Pakistan’s inability to deal with its terrorist problem is much more complicated and does not have easy solutions like executing men who were already locked up for crimes they committed over a decade ago.
The problem is partly due to courts that do not have the funds to properly try suspects, thus creating a backlog of cases going back years. It is made worse by a military and an intelligence establishment that has played a double-game for decades by providing weapons, logistics and intelligence support to groups with genocidal aspirations. A weak state with a poorly paid and poorly trained police force, and an undercurrent of Islamist ideology that has gone unchallenged, do not help.
The Islamist political parties are afraid that this shift to military courts will mean that their far-right brand of Islam is itself targeted. Included in the bill are plans to regulate the madrassas and religious schools which these parties have used for decades to promote their extremist ideology. The sight may seem bizarre: progressive human rights activists arguing against military tribunals alongside the same Islamist political parties that have sown an intolerant brand of Islam in Pakistan for decades.

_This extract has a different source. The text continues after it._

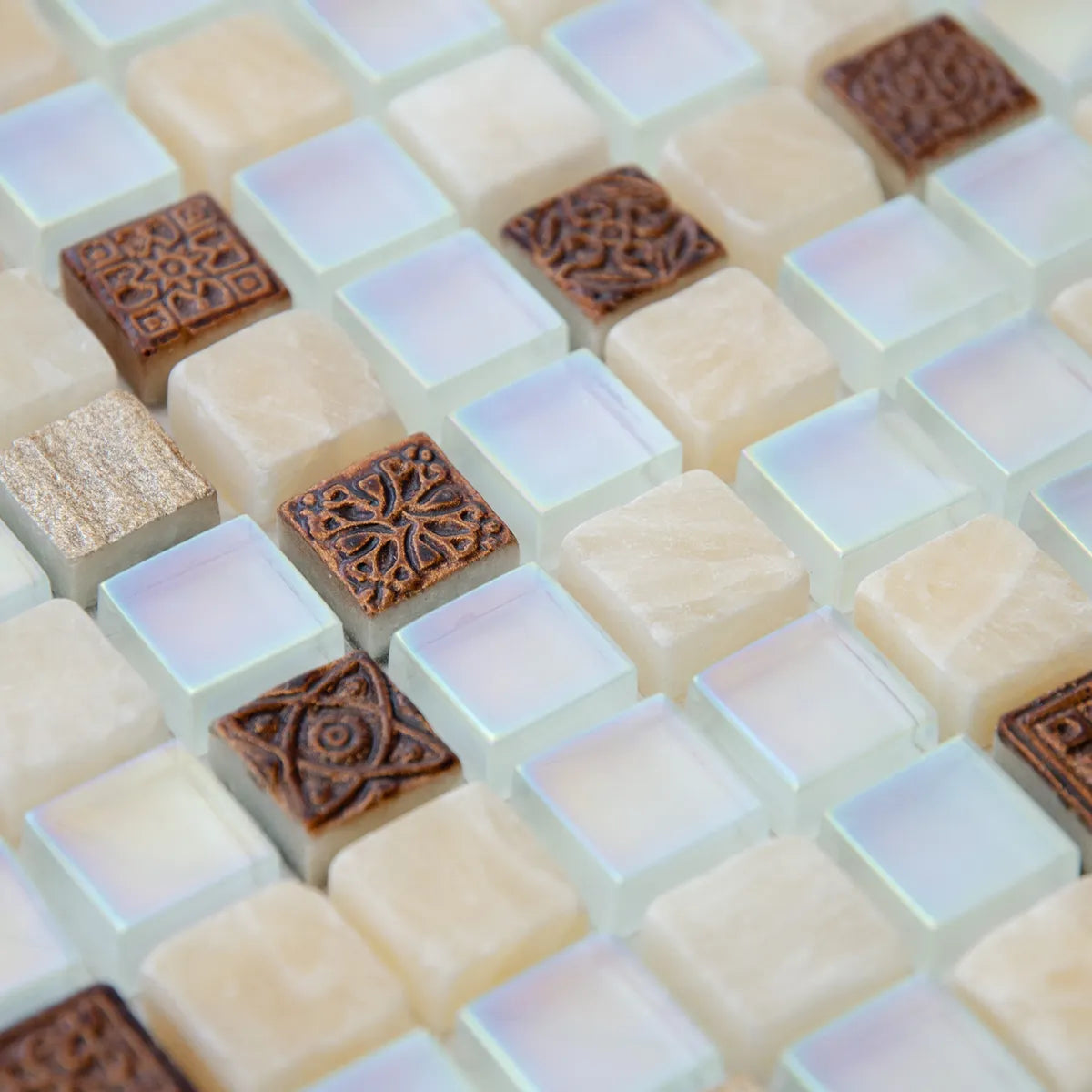 Mosaïque en verre et pierre beige zoomé perspective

Pakistan looked as though it was on the verge of a breakthrough in 2013. Having celebrated the first peaceful handover of one democratic government to another, civil rights activists were hoping this was the beginning of a new dawn for a democratic Pakistan. Pakistan has been unable to move out from under the yoke of an overbearing military that has held power for nearly half the country’s life and has held an inordinate sway over civilian governments even when not in power.

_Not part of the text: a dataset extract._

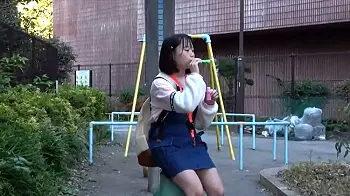 【3発中出し JS 輪姦レイプ】鍵っ子JSがボッチで公園で無邪気に遊んでしまう&hellip;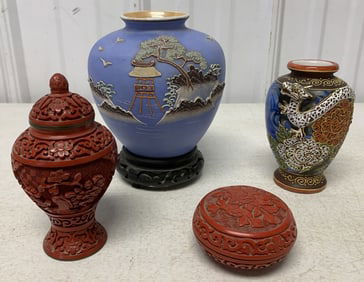 4 oriental themed decorative items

Handing more power to the generals may very well be the wrong approach and is likely to empower a military that already has too much influence as well as an intelligence service that created many of the monsters which have come back to haunt them. The WikiLeaks cables openly showed US fears of Pakistan’s support for Islamist groups including the Afghan Taliban.

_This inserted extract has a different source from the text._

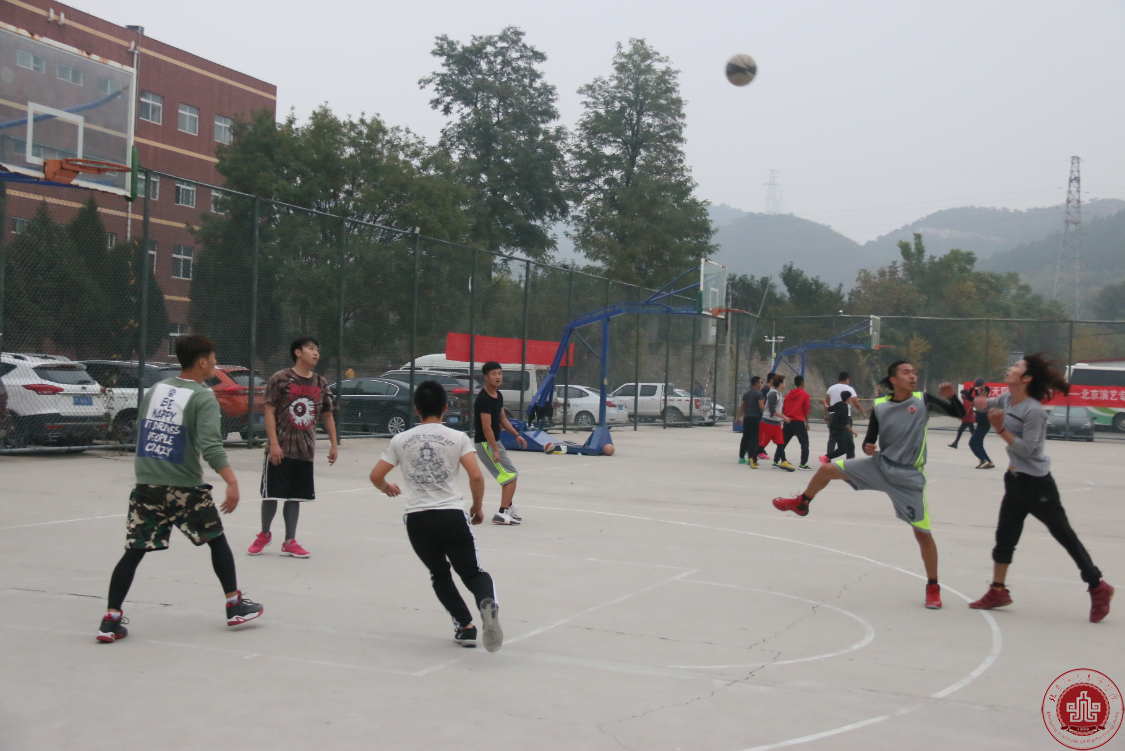 我院成功举办首届3V3学生篮球对抗赛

Instead of a military-focused, military-led response to terrorism in Pakistan, the current inadequate civilian courts must get the sort of funding, training and support that they require to deal with Islamist terrorism. This will create an effective judiciary in a country that badly needs one, will deprive militants of their martyred status, stop the next generation of terrorists being made and stop the slide back to a military-led state.
It will also stop empowering those who have a great deal to answer for on their support for the original Afghan Taliban – the group that ultimately led to the creation of the Pakistani Taliban who carried out the Peshawar attack.
Former Pakistani ambassador to the United States Husain Haqqani implored Pakistan to concentrate on convicting terrorists, and not to let the intelligence services slip out of the spotlight for their support for groups which have now turned their sights on the Pakistani state.
Rather than sending billions of dollars in military aid to Pakistan, countries like the United States would do well to instead spend those dollars on employing thousands of attorneys, judges and trained prosecutors who are capable of dealing with the sluggish pace of cases currently in backlog.
If justice is what the people of Pakistan want, then it is obvious that justice is where money should be spent. The United States has spent over $11 billion dollars on military aid to Pakistan since 9/11 with a further $532 million already promised for this year alone.
Spending billions on military aid to Pakistan has obviously not paid the dividends expected. It is time a new approach was taken and investing in Pakistan’s fledgling democracy would be far more effective at turning the country from a hotbed of Islamist terrorism, to a functioning democracy.
If money is not spent on building peace in Pakistan instead of making war, Peshawar will not remain the worst terrorist atrocity the country has ever seen.”